В силу своего ремесла Николя прекрасно знал о всех сложностях нынешнего положения. Еще в прошлое царствование полиции нередко приходилось устраивать целые представления, изображая якобы народные волнения и тут же их подавляя. Эти шумные маскарады, оплачивавшиеся самой полицией, позволяли на время смирять брожение умов. Среди печалей и возраставшей нищеты карнавал терял присущий ему всеобщий веселый настрой: теперь этот настрой поддерживали только соревнующиеся друг с другом платные осведомители и актеры. Привычная суматоха царила разве что на балах в предместьях. Несколько дней назад королева, соблазненная рассказами своего юного деверя графа Артуа, лихо отплясывала в зале дома Поршерон. Николя, которому выпала честь охранять эту тайную вылазку королевы, весь извелся: несмотря на инкогнито, ее величество легко могли узнать. Никто не мог убедить комиссара, что ничего предосудительного в участии королевы в развлечениях простонародья нет: он твердо знал, что народ непочтительно относился к тем, кто опускается до его уровня.

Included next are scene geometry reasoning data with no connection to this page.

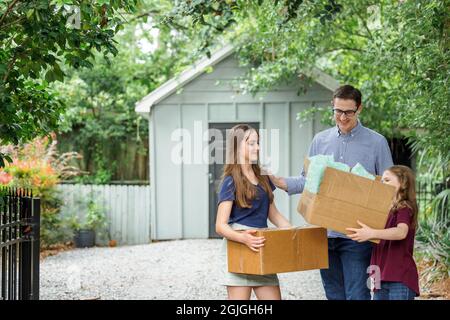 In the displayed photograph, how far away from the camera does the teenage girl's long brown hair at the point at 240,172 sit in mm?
4715

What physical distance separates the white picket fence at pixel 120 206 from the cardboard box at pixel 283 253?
11.4m

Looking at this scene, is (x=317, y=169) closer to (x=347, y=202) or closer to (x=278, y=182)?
(x=347, y=202)

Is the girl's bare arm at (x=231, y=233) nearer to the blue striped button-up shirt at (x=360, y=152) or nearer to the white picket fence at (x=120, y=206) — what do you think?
the blue striped button-up shirt at (x=360, y=152)

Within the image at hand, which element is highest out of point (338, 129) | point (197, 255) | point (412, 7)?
point (412, 7)

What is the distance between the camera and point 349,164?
5094mm

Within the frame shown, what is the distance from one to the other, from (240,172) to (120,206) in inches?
460

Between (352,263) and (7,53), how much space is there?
2812 millimetres

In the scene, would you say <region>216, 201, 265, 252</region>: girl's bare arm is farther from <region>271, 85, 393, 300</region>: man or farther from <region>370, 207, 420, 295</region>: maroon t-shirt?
<region>370, 207, 420, 295</region>: maroon t-shirt

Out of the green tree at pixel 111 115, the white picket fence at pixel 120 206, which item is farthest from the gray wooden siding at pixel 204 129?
the green tree at pixel 111 115

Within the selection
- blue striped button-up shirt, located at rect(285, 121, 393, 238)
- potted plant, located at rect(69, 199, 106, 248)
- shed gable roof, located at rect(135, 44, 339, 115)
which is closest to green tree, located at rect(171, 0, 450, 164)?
shed gable roof, located at rect(135, 44, 339, 115)

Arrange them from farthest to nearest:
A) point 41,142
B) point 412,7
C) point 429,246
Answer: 1. point 41,142
2. point 429,246
3. point 412,7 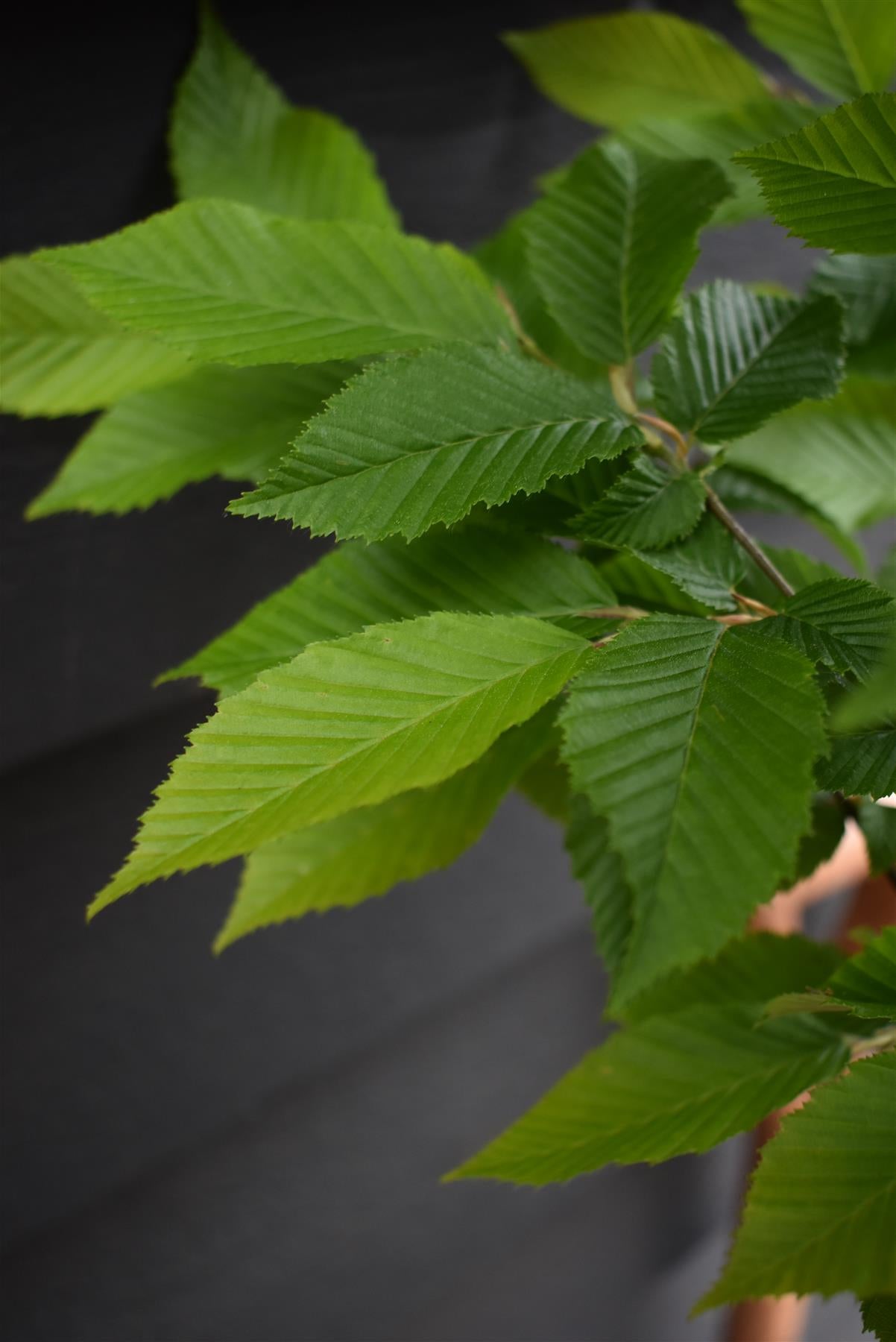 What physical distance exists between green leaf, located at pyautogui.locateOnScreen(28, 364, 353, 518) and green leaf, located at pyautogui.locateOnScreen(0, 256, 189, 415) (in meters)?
0.02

На углу улицы Сонри экипаж, один раз уже обогнавший его, снова проехал мимо, едва не задев его. То же разукрашенное по-карнавальному лицо уставилось на него, однако он так и не вспомнил, где он мог его видеть. Продолжая свой путь, он припоминал разговоры, услышанные им в таверне на перекрестке Трех Марий, что при съезде с Нового моста. Текущие обязанности задержали его в дежурном отделении, и, желая размять ноги, к концу дня он пешком отправился в таверну, где можно было не только поесть, но и разведать умонастроения народа. С удовольствием проглотив яйца под соусом бешамель и салат с холодным мясом, он закусил орехами и, заказав кувшинчик сюренского вина, разговорился со своими соседями. Умея находить общий язык с людьми из всех слоев общества, он, как и положено доброму малому, выставил окружавшим его ремесленникам и поденщикам графинчик водки и угостил их табаком, чем сразу завоевал всеобщую признательность. Привыкнув больше слушать, нежели говорить самому, Николя просеивал речи посетителей трактира, запоминая основное, а затем делал выводы. Многие боялись потерять работу. Король по-прежнему пользовался симпатией, но его считали слабохарактерным и говорили о нем сочувственно. При упоминании королевы в лучшем случае наступало враждебное молчание, в худшем неслись непристойные высказывания. О Тюрго никто не сожалел. Неккер пока еще пользовался исключительно французской привилегией: им интересовались, ибо он был человек новый. С ним также связывали надежды на перемены и ждали от него золотых гор. Узнав новые злободневные куплеты и памфлеты, Николя подогрел всеобщий энтузиазм, заговорив об американских инсургентах: он посетовал, что правительство никак не решится отказаться от выжидательной политики и выступить на стороне инсургентов против англичан. Небольшая интермедия в трактире оживила монотонность его дежурства; в силу своего особого положения он мог бы вовсе не дежурить, но он не хотел пользоваться привилегиями, считая своим долгом исполнять все, что предписано его должностью. Маркиз де Ранрей при дворе и Николя Ле Флок в городе, он никогда не отдавал предпочтения одному в ущерб другому.